Output Stage of an Op Amp and its Voltage Transfer Characteristics:
The output stage of an op amp is another requirement which should have very small output impedance and provide the external load current so that large output voltage swing is obtained.
The output of an op-amp is the voltage measured at the output of this final stage which is usually a push-pull complementary amplifier, as shown in Fig. 20.64.
When positive cycle of input voltage Vin arrives, Q1 behaves as current supplier to load RL and Q2 is off.
When negative cycle of Vin arrives, Q1 is off, Q2 acts as a sink to remove current from the load, (it decreases the load current).
But the circuit bears crossover distortion when Vin = 0 (when voltage swings from positive to negative). To reduce this problem of getting Vin = VBE = 0.7 V when it should be zero, we provide a constant dc bias voltage between the two bases so that small current exists in quiescent condition.

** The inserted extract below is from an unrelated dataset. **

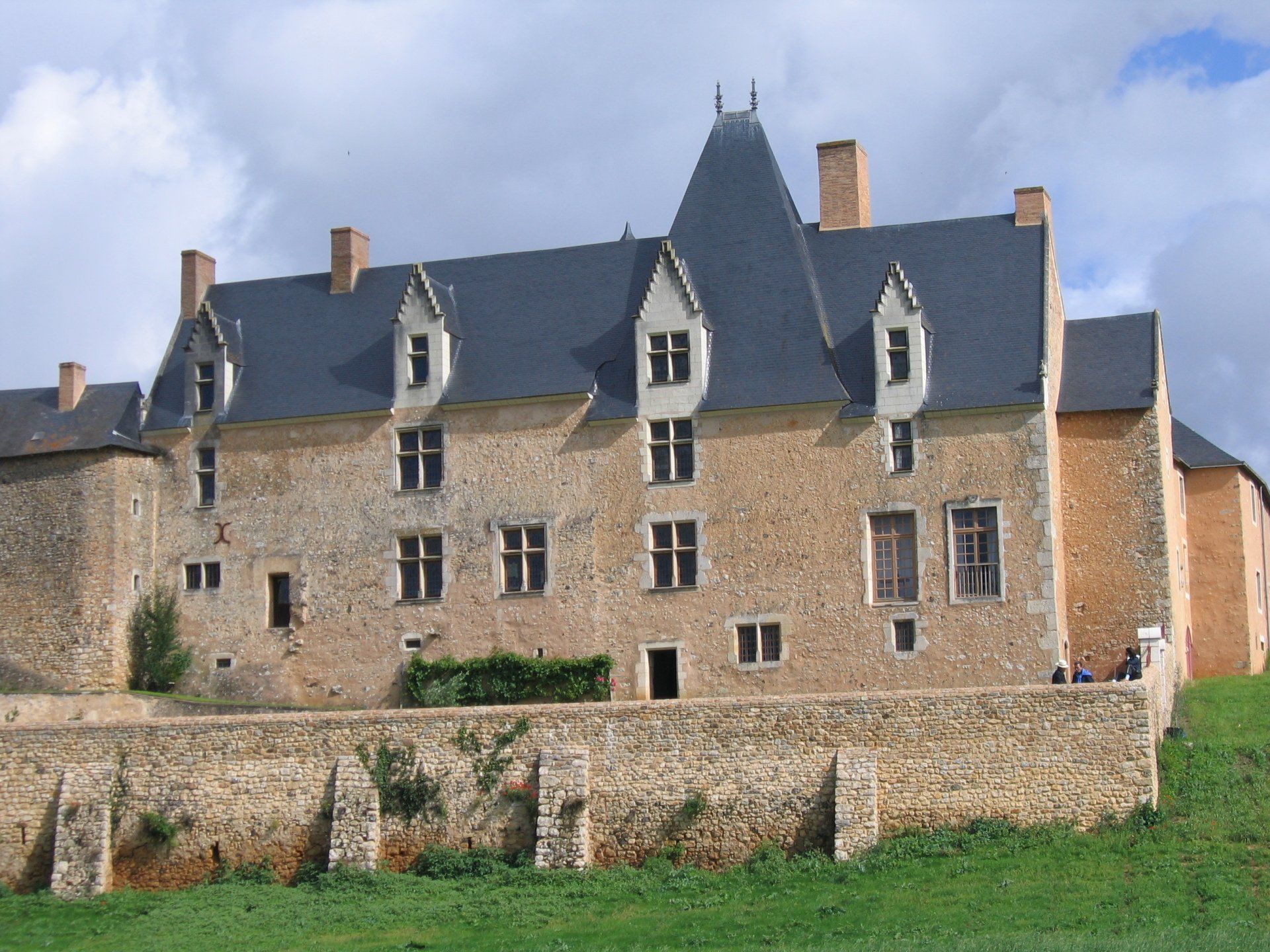 Chateau Perrine de Cry Le Mans Classic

For this, two diodes D1 and D2 are connected, as shown in Fig. 20.64 (b).
The transfer characteristics shows that if Vin = 0, Vout ≠ 0. Here, Vin is obtained from level shifter, we can have Vout = 0 with Vin = 0 by making quiescent value of Vin = -VBE2.
Figure 20.66 can also reduce the crossover distortion. The output voltage is about 1.1 V between two bases. Here both transistors Q1 and Q2 conduct slightly under quiescent condition.